Identifying computers and users over a network
• A domain name is a unique name that identifies a website. Each website has a domain name that serves as an address, which is used to access the website. For example, "google. com" is a domain name.
• Whenever you visit a website, the domain name appears in the address bar of the web browser. Some domain names are preceded by "www" (which is not part of the domain name), while others omit the "www" prefix.
• All domain names have a domain suffix, such as .com, .net, or .org. The domain suffix helps identify the type of website the domain name represents. There are only a limited number of such domains. For example:
gov - Government agencies
edu - Educational institutions
org - Organizations (nonprofit)
mil - Military
com - commercial business
net - Network organizations
ca - Canada
th - Thailand
Domain names are relatively cheap to register, though they must be renewed every year or every few years. Anyone can register a domain name, so you can purchase a unique domain name for your blog or website.

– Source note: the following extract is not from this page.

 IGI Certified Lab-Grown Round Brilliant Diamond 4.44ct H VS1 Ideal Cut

• MAC stands for "Media Access Control".
• A MAC address is a hardware identification number that uniquely identifies each device on a network.

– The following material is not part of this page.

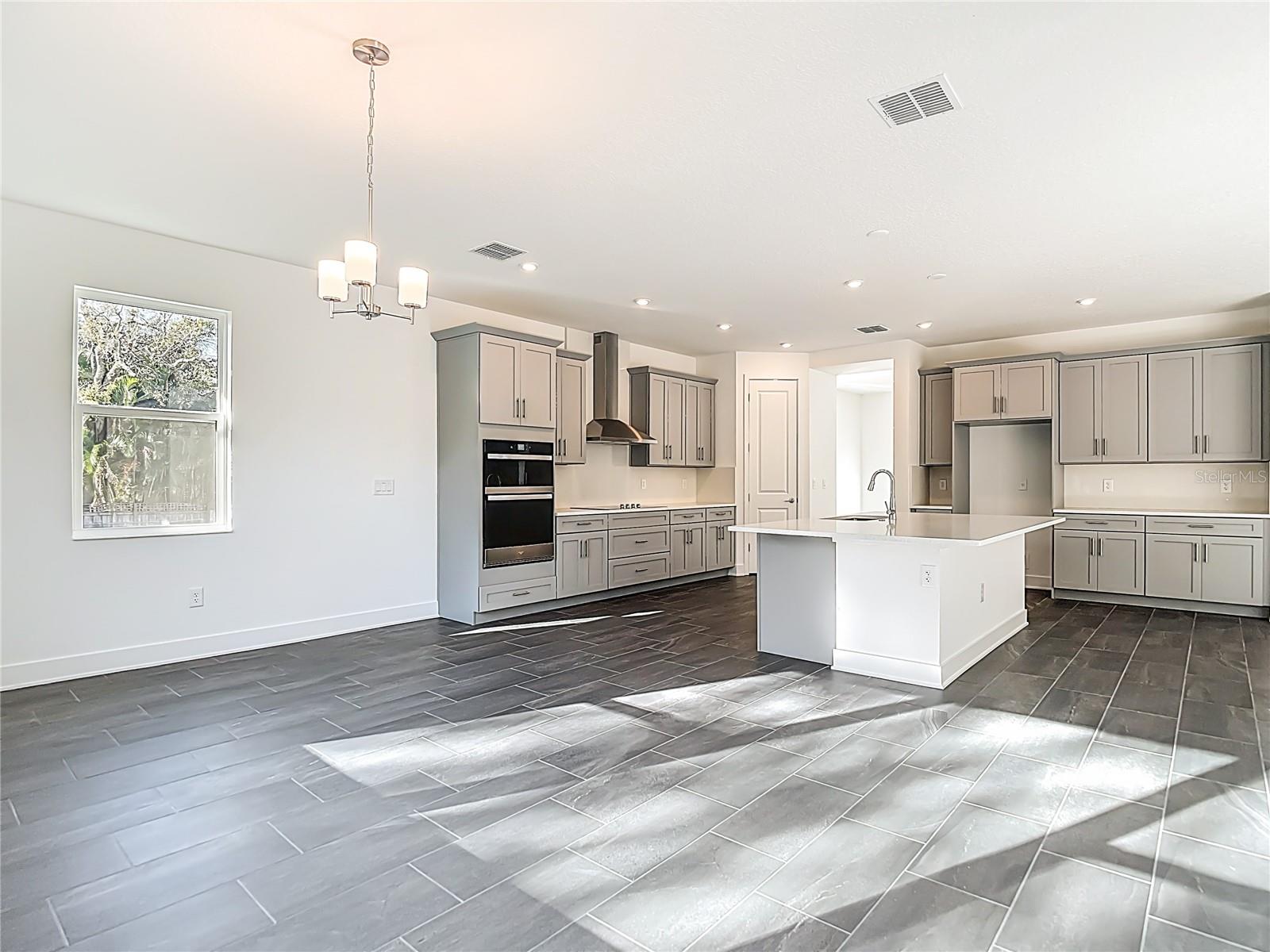 Listing photo id 19 for 4614 Euclid Avenue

• MAC addresses are made up of six two-digit hexadecimal numbers, separated by colons. For example, an Ethernet card may have a MAC address of 00:0d:83:b1:c0:8e. Fortunately, you do not need to know this address, since it is automatically recognized by most networks.
• IP stands for "Internet Protocol." An IP address, is a unique address that identifies a device on the Internet or a local network.
• It allows a system to be recognized by other systems connected by the Internet protocol. There are two primary types of IP address formats used today — IPv4 and IPv6.
• IPv4, the most common form of addresses, are written as four sets of numbers, each set having up to three digits, with each set separated by a dot. For example, "18.104.22.168" could be a valid IPv4 IP address. With DNS, we map a name to that address so that you do not have to remember a complicated set of numbers for each place you wish to visit on a network.